The narrative changes, of course, after World War II: Budapest lost half of its Jewish population, and the rest of Hungary became completely judenfrei. In addition, the Communist governments as well as those who supported the ‘new order’ opposed any discussion of the past. As the authors of Jewish Budapest. testify. ‘[a]fter the war, Jewish history was basically hidden history’ (446). Yet despite the general ban on Jewish memory, however slowly and sparsely, there were a very few who dared to write about it. Discussing the significance of their works and the small steps of improvement that took place in the last months and days of the dying Communist system, and also reporting the rise of new anti-Semitism in the Hungary of the 1990s, the authors reveal the complexities and tensions of Jewish life and being in the past few years.

The last section of the book deals with the ‘Invisible Jewish Budapest’, with the houses, synagogues, plazas, streets, and boulevards, created by Jewish architects, which make Budapest one of the most remarkably beautiful cities of the world. The section ends with the list of buildings and synagogues that have ended up in disrepair, actually, reflecting the overarching, long-term decline of the Budapest Jewish community.

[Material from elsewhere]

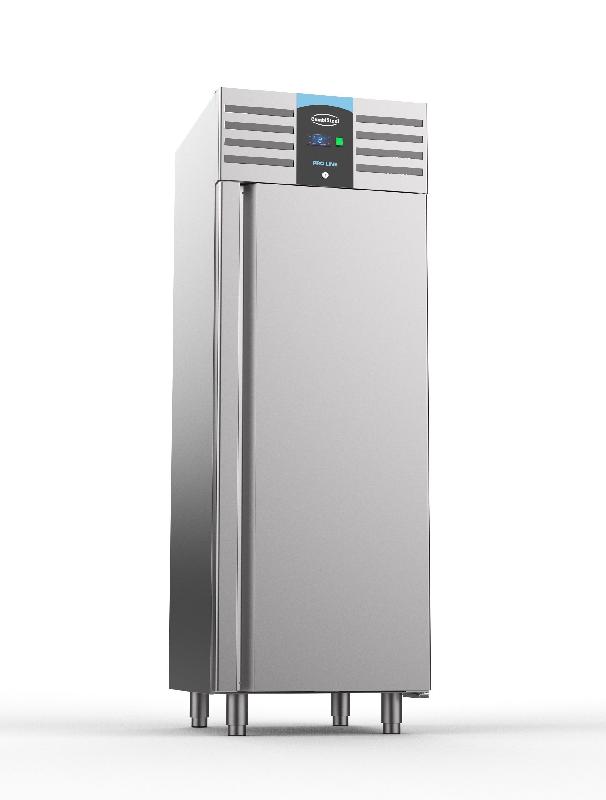 Réfrigérateur en acier inox 550 ltr l700 7489.5040 COMBISTEEL_2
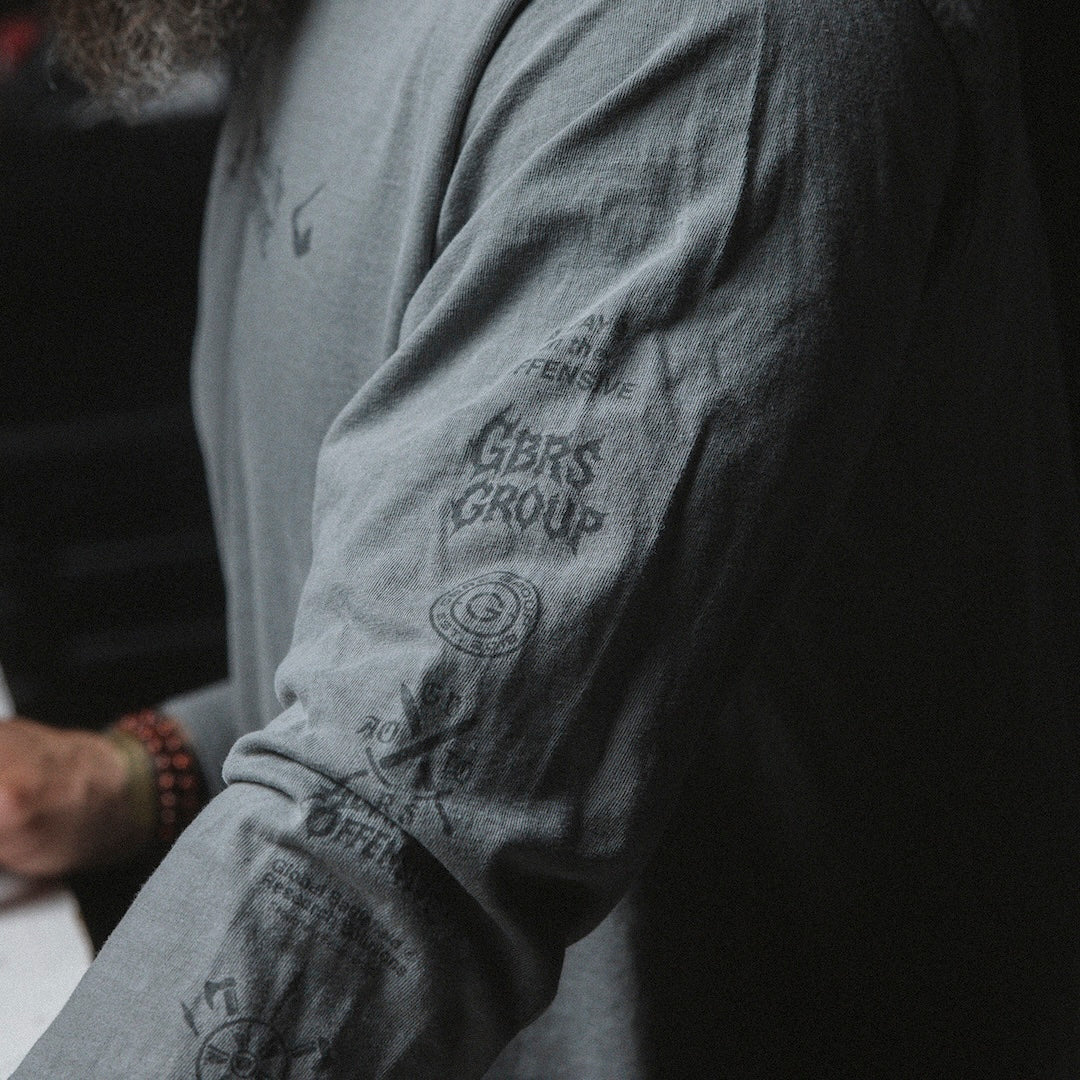 GBRS Group Dragocide Long Sleeve Shirt - Image 11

Yet there is still hope for preserving the memory of the past and, therefore, for securing the continuity of Jewish life in Hungary as this magisterial book has demonstrated. Serving as a source of future works on the Hungarian Jewish community, it fills essential needs. With its editor, Géza Komoróczy, persisting over several decades to research and teach Jewish Studies in Hungary, with his young colleagues joining him in writing this book, and with the help of others working on such projects, the world of the Budapest Jews will be remembered and will become part of the future.